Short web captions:
==*==

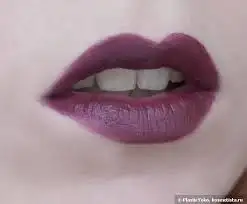 images.webp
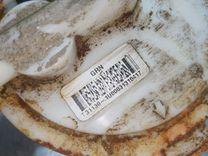 Колба в бак ESKQRG Kia Sorento undefined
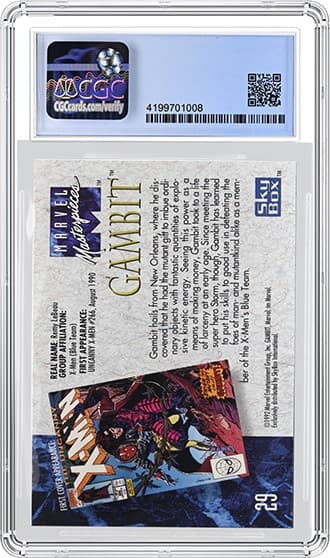 Gambit_BK_tb20230419165024183.jpg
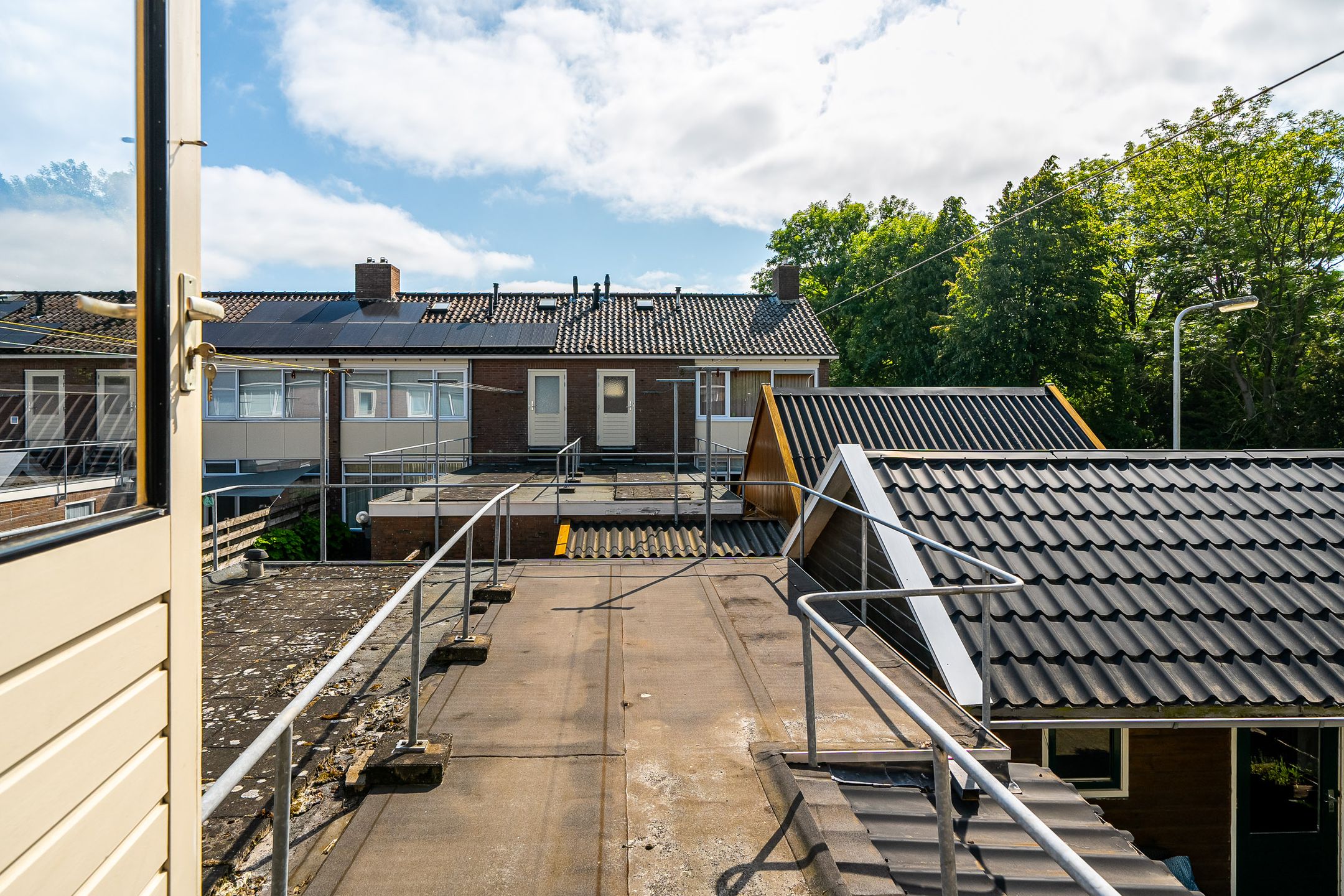 Photo 39 of Houtsagersstrjitte 23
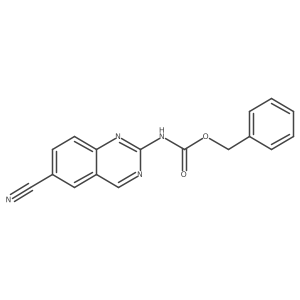 2680835-62-3 structure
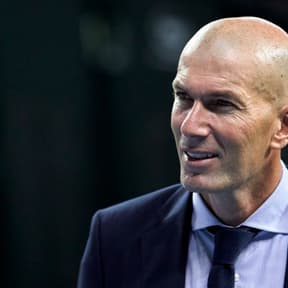 Who will be the next Newcastle manager? Six candidates to replace Bruce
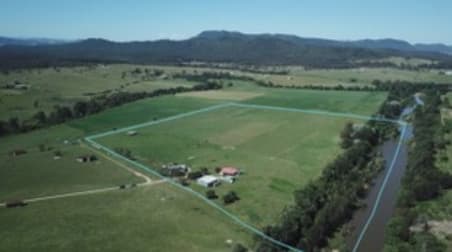 348c Glendon Lane Singleton NSW 2330 - Image 1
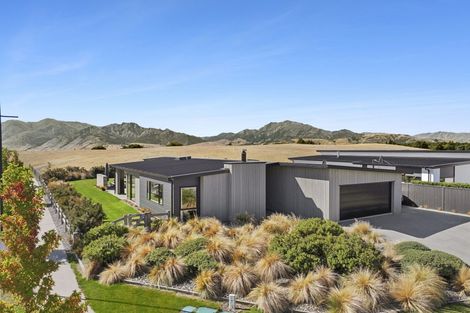 Photo of property in 75 Infinity Drive, Wanaka, 9305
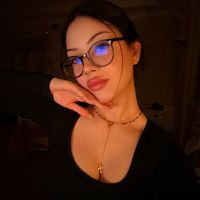 __miiraayyy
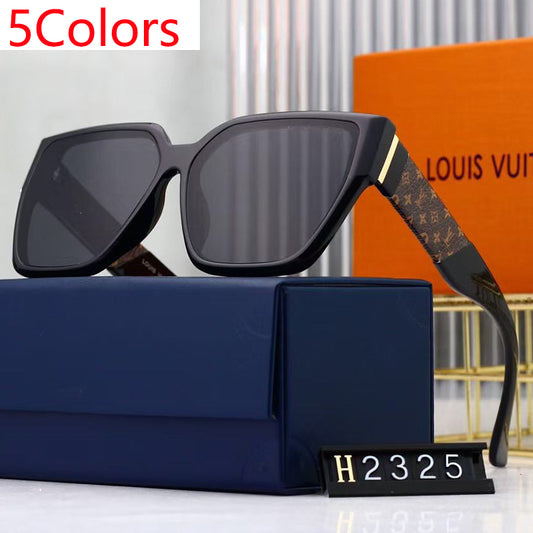 74E217T  fashion Sunglasses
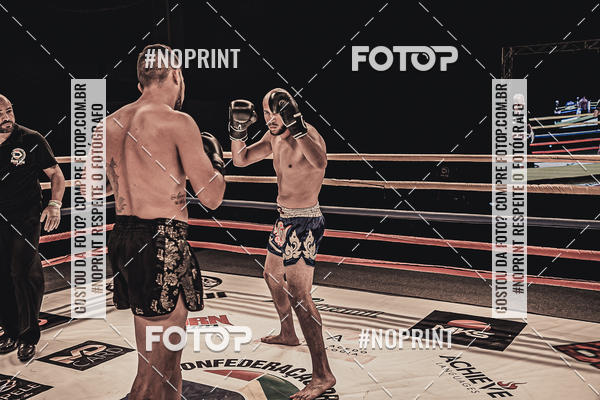 Buy your photos of the eventMUAY THAI FIGHT PRO on Fotop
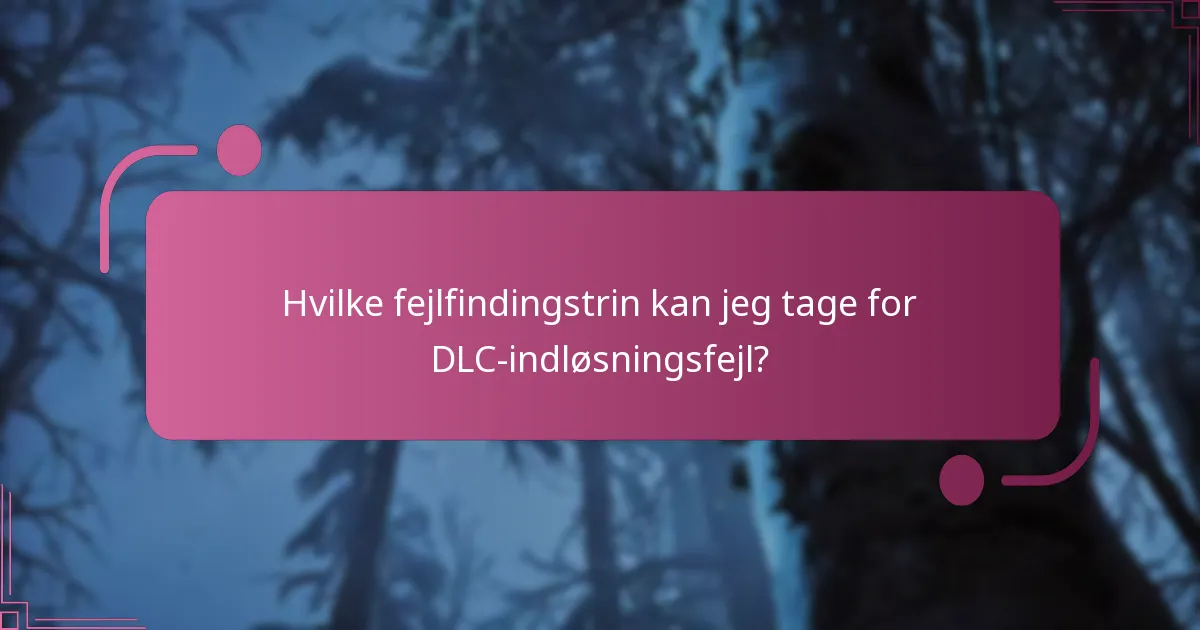 Hvilke platforme understøtter indløsning af God of War Ragnarok DLC?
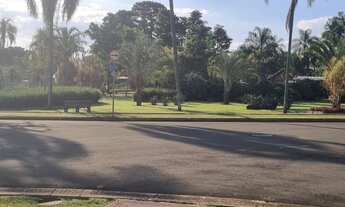 Imagem 7: Terreno de esquina no Condomínio Moinho vermelho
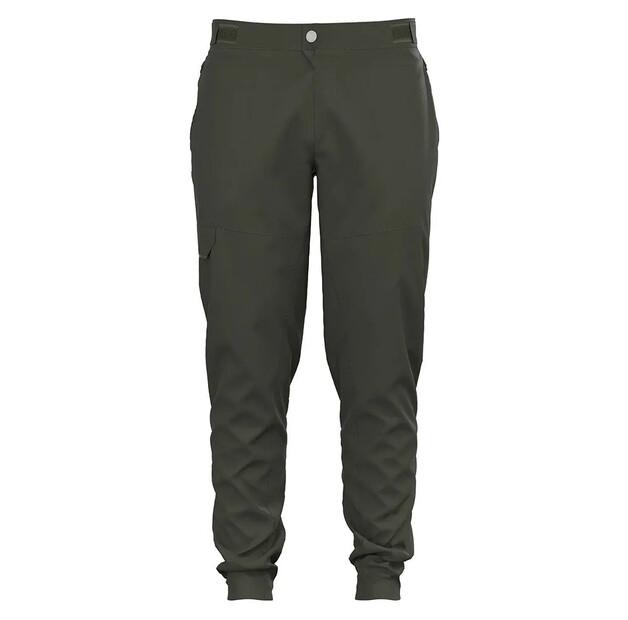 Odlo Брюки Ride Easy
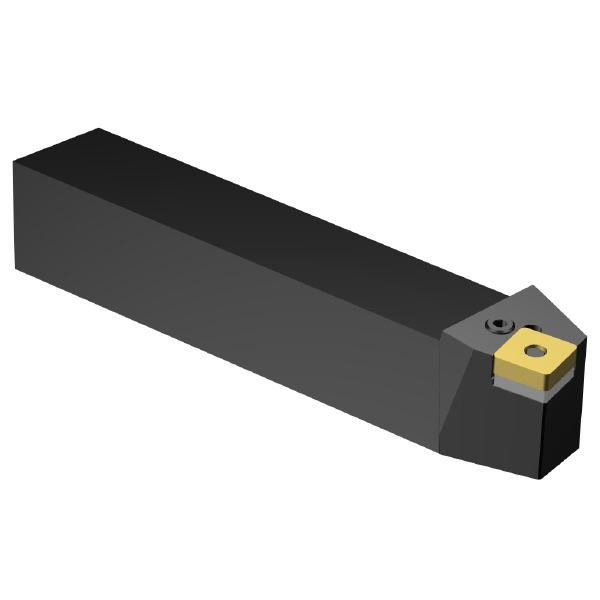 サンドビック（株） TーMaxP シャンクバイト 【F】 PSBN Ｔ－ＭａｘＰ　シャンクバイト　【Ｆ】 PSBNL 5050T 25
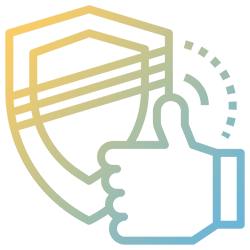 Affidabilità e sicurezza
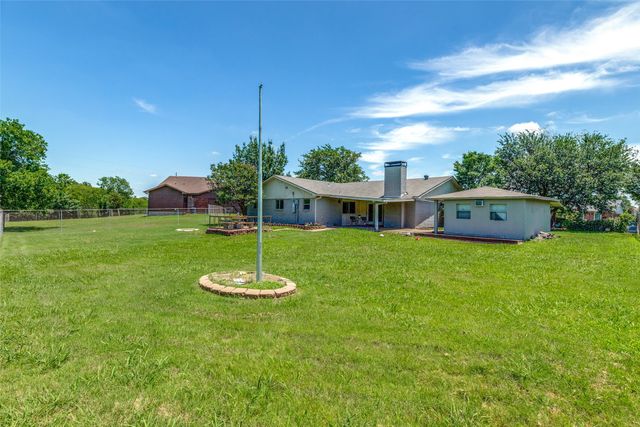 7208 Langley Court, The Colony, TX 75056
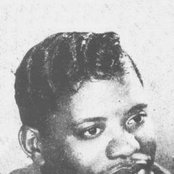 Chris Kenner - List pictures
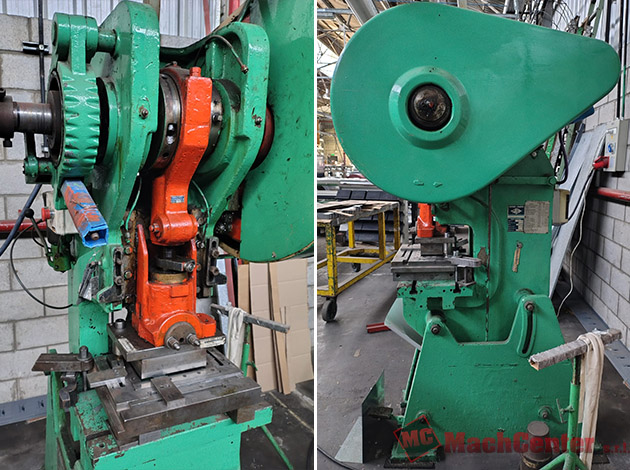 Cod.1472-U-Balancín-El-Galeón-25T-02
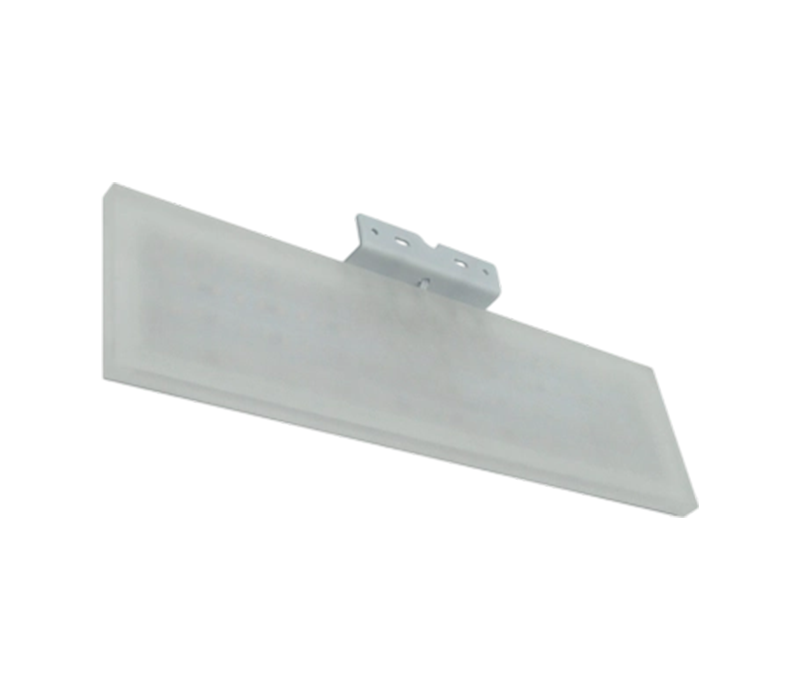 MFL-17 Speculum Front Light SMD2835*108pcs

==*==

* WORK ITEM: Set every record down again verbatim, without pictures.

* OUTPUT BELOW:
 images.webp
 Колба в бак ESKQRG Kia Sorento undefined
 Gambit_BK_tb20230419165024183.jpg
 Photo 39 of Houtsagersstrjitte 23
 2680835-62-3 structure
 Who will be the next Newcastle manager? Six candidates to replace Bruce
 348c Glendon Lane Singleton NSW 2330 - Image 1
 Photo of property in 75 Infinity Drive, Wanaka, 9305
 __miiraayyy
 74E217T  fashion Sunglasses
 Buy your photos of the eventMUAY THAI FIGHT PRO on Fotop
 Hvilke platforme understøtter indløsning af God of War Ragnarok DLC?
 Imagem 7: Terreno de esquina no Condomínio Moinho vermelho
 Odlo Брюки Ride Easy
 サンドビック（株） TーMaxP シャンクバイト 【F】 PSBN Ｔ－ＭａｘＰ　シャンクバイト　【Ｆ】 PSBNL 5050T 25
 Affidabilità e sicurezza
 7208 Langley Court, The Colony, TX 75056
 Chris Kenner - List pictures
 Cod.1472-U-Balancín-El-Galeón-25T-02
 MFL-17 Speculum Front Light SMD2835*108pcs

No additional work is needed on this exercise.